No rushing: Slow is smooth, smooth is fast for EOD
By Capt. Logan Clark, 166th Airlift Wing Public Affairs
/ Published April 09, 2019
NEW CASTLE AIR NATIONAL GUARD BASE, Del. --
Airmen with the explosive ordnance disposal flight at the 166th Airlift Wing teamed up with the base’s emergency management Airmen to conduct a joint exercise operation here April 7.
Three Airmen with the EOD flight conducted a two-part exercise: identifying, decontaminating and sealing a dummy munition, overseen and graded by EOD; and a decontamination protocol, overseen by emergency management Airmen.
Why the two-pronged effort? The exercise munition was also a “chemical” threat, requiring isolation and decontamination, also giving emergency management a chance to flex their “decon” muscles.
The EOD mission had several requirements, including creating a space to decontaminate both Airmen as well as the munition and a space to seal the munition, identifying the ordnance, and safely disposing of it. In this case, the disposal was an isolation rather than destruction.
Staff Sgts. Seth Kohn and Dominic Buckmuse were the “downrange” team, setting up the area and sealing off the munition. Staff Sgt. Todd Glessner was the team leader, overseeing the “downrange” Airmen and providing critical information for the team to safely dispose of the dummy munition.
This was the final requirement for Glessner to become a certified team leader, as well as earning his senior level badge. His flight leadership conducted an impromptu ceremony after the exercise to award his new hardware.

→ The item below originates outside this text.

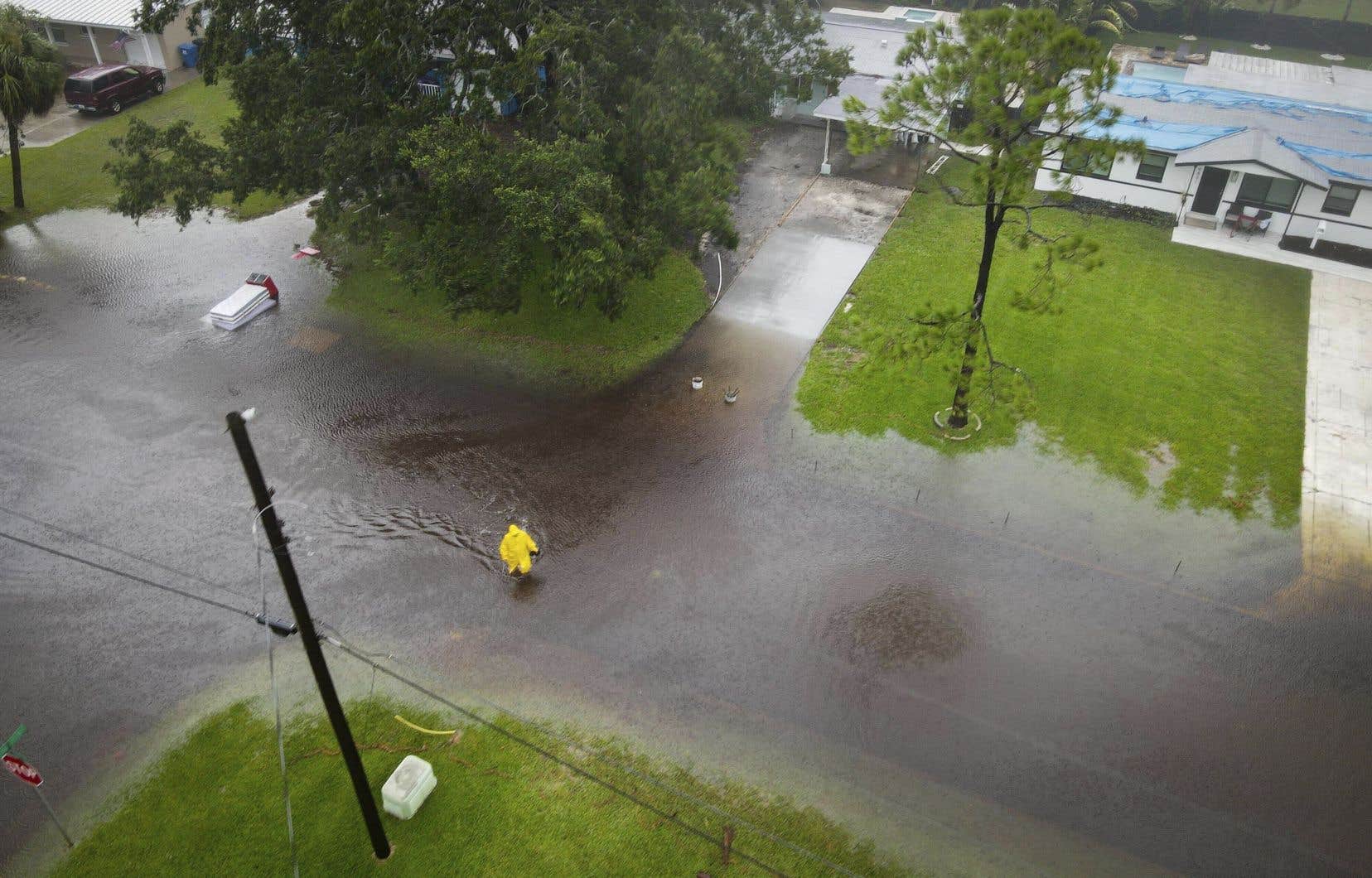 L'ouragan Debby, de catégorie 1, a touché terre en Floride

“We have awesome guys; people who are motivated, people who are problem solvers,” said Glessner about his time with the 166th EOD flight.
Kohn agreed. “I love this job,” he said.
For Tech Sgt. John Mayhoff, the emergency manager for the 166th Airlift Wing, this exercise was slightly out of the ordinary.

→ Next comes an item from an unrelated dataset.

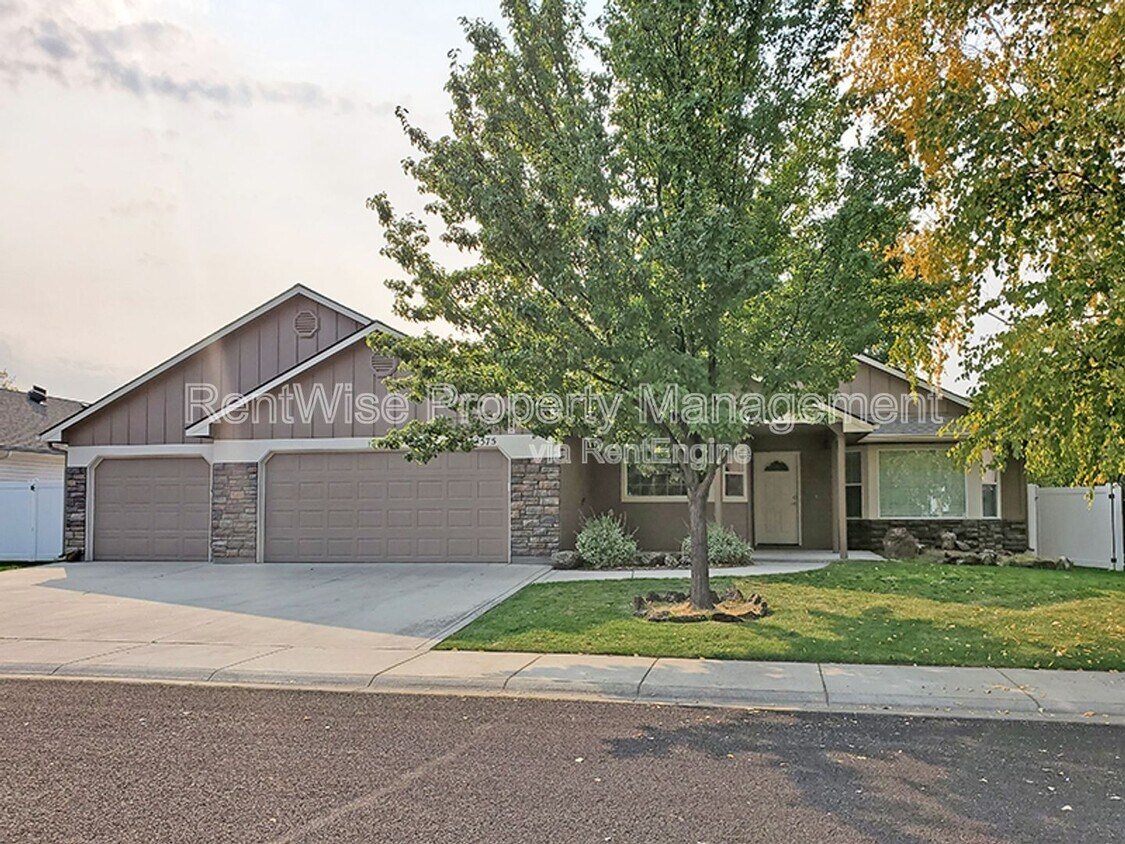 Primary Photo - 575 W Elias St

“We train a lot with our shop and the technical decontamination system, but it was unique to work with EOD in that they brought a munition through the “decon” line,” said Mayhoff. “We got some of our newer Airmen experience both working with another unit, as well as working with the decontamination equipment.”

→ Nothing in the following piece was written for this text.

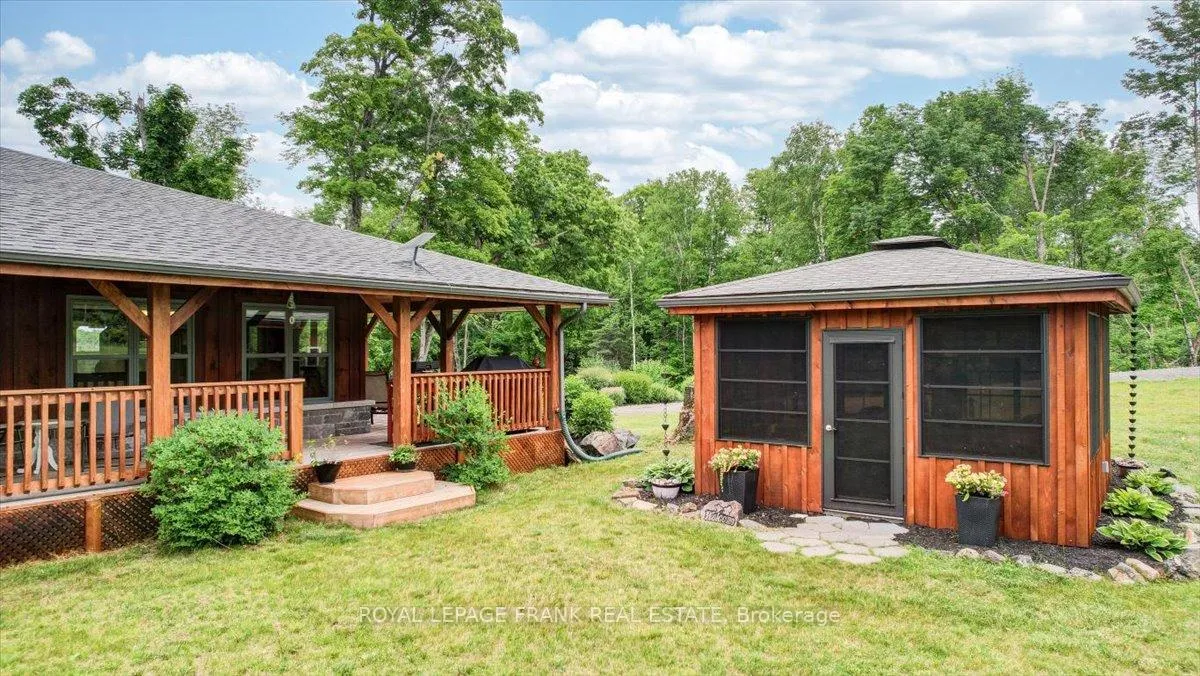 Photo 30 of 944 Steenburg Lake Road N, Limerick — HOMEH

The emergency management team guided the EOD Airmen through the decontamination process, ensuring they are able to handle a potential chemical or biological threat.
Some of the Airmen with the EOD flight have supported the active duty units in Germany. The flight is also responsible for supporting several counties and units in Pennsylvania, including Fort Indiantown Gap.
Emergency management is also responsible for chemical, biological, radiological, and nuclear (CBRN) training for the installation, as well as managing the Emergency Operations Center.